相談事例
CASE
2022.1 松尾
株式会社(特例有限会社を含む)からの申出により、商業登記所の登記官が、当該株式会社が作成した実質的支配者リストについて所定の添付書面により内容を確認し、その保管及び登記官の認証文付きの写しの交付を行う制度の運用が、2022年1月31日から開始されます。
現在既に株式会社設立時に公証人を通じて実質的支配者の確認が行われていますが、設立後も公的機関において法人の実質的支配者を継続的に把握することにより法人の透明性を図り、反社会的勢力による詐欺等の犯罪や資金洗浄等の目的による法人の悪用を事前に防ぐことが本制度の目的です。
※実質的支配者とは、法人の議決権の総数の4分の1を超える議決権を直接又は間接に有していると認められる自然人等をいいます。(上場会社又はその子会社は,自然人とみなされます。)

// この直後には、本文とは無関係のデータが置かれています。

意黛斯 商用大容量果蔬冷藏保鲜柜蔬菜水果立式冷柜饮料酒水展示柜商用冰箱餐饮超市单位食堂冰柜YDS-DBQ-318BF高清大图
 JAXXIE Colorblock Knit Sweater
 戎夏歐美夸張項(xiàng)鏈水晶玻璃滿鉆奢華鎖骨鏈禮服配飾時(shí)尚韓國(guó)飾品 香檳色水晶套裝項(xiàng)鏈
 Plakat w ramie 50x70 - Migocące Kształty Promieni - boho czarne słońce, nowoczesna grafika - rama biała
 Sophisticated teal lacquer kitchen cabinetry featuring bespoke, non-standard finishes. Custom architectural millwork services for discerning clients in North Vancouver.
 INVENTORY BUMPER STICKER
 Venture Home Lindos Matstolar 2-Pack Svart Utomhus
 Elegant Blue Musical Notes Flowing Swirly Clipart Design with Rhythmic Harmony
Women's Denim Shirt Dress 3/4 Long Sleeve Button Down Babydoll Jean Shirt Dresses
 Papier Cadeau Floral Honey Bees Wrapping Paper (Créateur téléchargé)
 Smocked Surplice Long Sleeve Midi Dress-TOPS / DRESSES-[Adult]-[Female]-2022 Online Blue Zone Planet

実質的支配者リストの作成は義務ではなく、作成しなくても罰則があるわけではありません。
しかし、既に犯罪収益移転防止法では、特定事業者(金融機関、不動産業者等)に対しこの法律に規定された特定の取引を行う際に実質的支配者の確認を義務付けており、今後は金融機関で口座を開設する際や融資の審査を受ける際などにリストの提出が求められるようになる可能性があります。また、特定事業者との取引以外の場面でも信頼性の確認手段として活用が広がることも考えられますので、作成しておくことをお勧めします。